I teach web production courses at the post secondary level. Right now, I'm teaching an online magazine course that offers a general, non-techie, overview of web2.0 paradigms, trends with some hands on learning (creating a blog etc). I showed the students Lessig's TED talk, which unpacks the larger ideas quite well in addition to kutiman's recent mashups. I also showed them how to create a CC license for their work and possibly use this approach for "pro-am" content licensing when they go to work for mags.

Given my current course hours (woefully inadequate) I couldn't do anything really experimental because I had to *deliver* the core and professional learnings they need for industry.

I'm currently developing my own 'mashup' curriculum based on items I have used (like Lessig's TED talk). To combine these items with activities, questions, resources for further use and specific assignments.

The most educators can do right now is to build new works around mashup culture -- to take, for example, the kutiman video and create some activities, questions and assignments for students to "riff" off of that work and think about these things beyond passive consumption (entertainment products).

Permalink to Comment

2. DrWex on March 20, 2009 2:11 PM writes...

First, thanks for contributing your perspective. It's nice to know that some of my readers are out and teaching about this stuff.

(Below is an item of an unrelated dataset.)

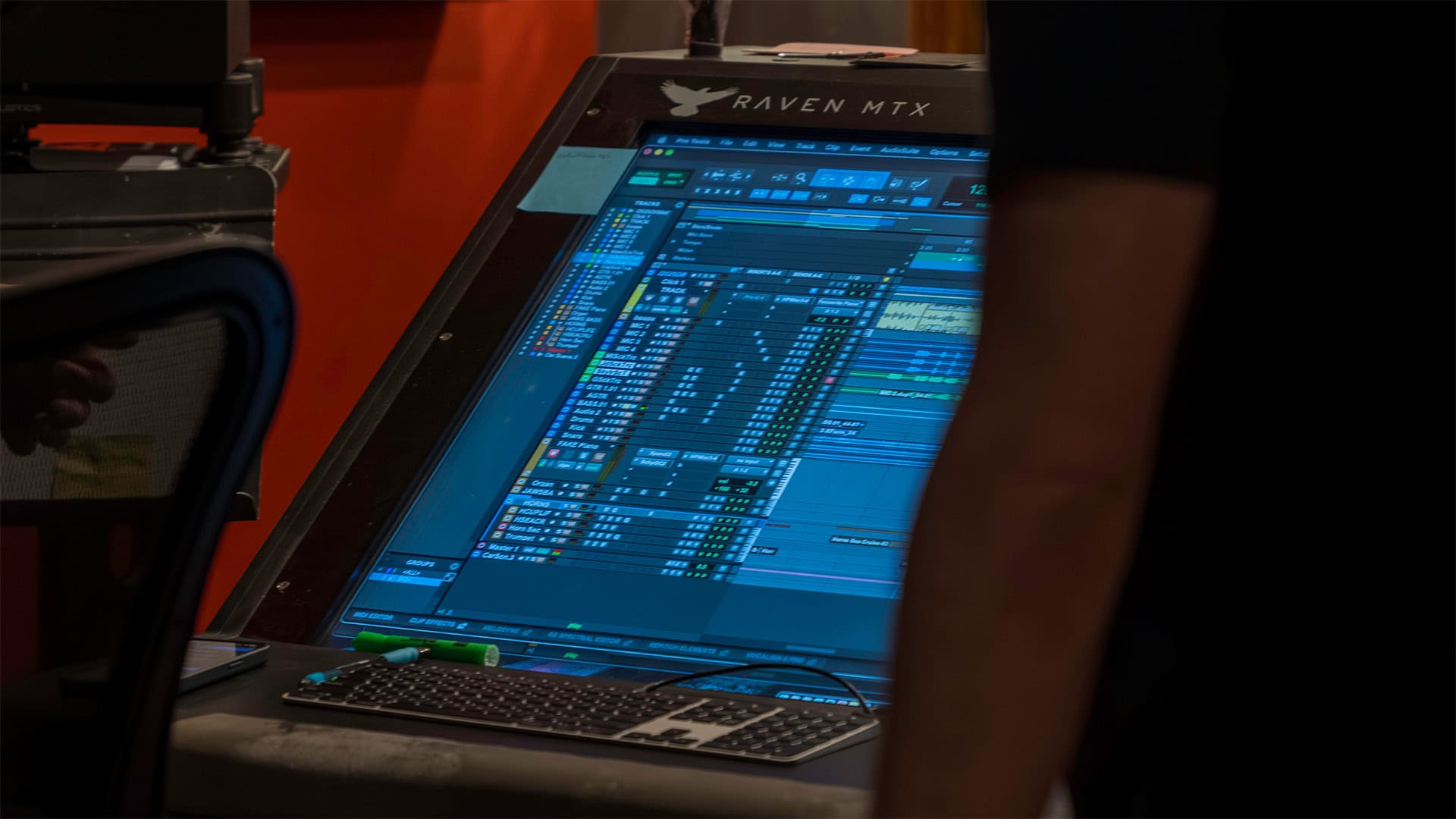 A large touchscreen computer labeled “Raven MTX” displays digital audio editing software and a music library. A keyboard and mouse sit below the screen, and a person stands nearby, partially visible on the right.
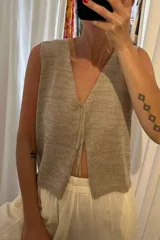 Chaleco de tejido artesanal en color amarillo, con escote en V y cierre frontal mediante lazos anudados. Presenta un diseño sin mangas y corte recto.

Of course you're right - having taught some courses (at adjunct positions in local universities) I know how much work it is just to create one course. And I sympathize with your struggles to bring overly conservative administration staff into the 21st century.

Finally, I'm glad to hear you're challenging your students to riff on this kind of thing. I imagine that 99% of them don't have any more idea what to make of it than I do, but somewhere out there I'm betting there are brilliant individuals who can bring new insights if people like you can keep exposing them to new stuff.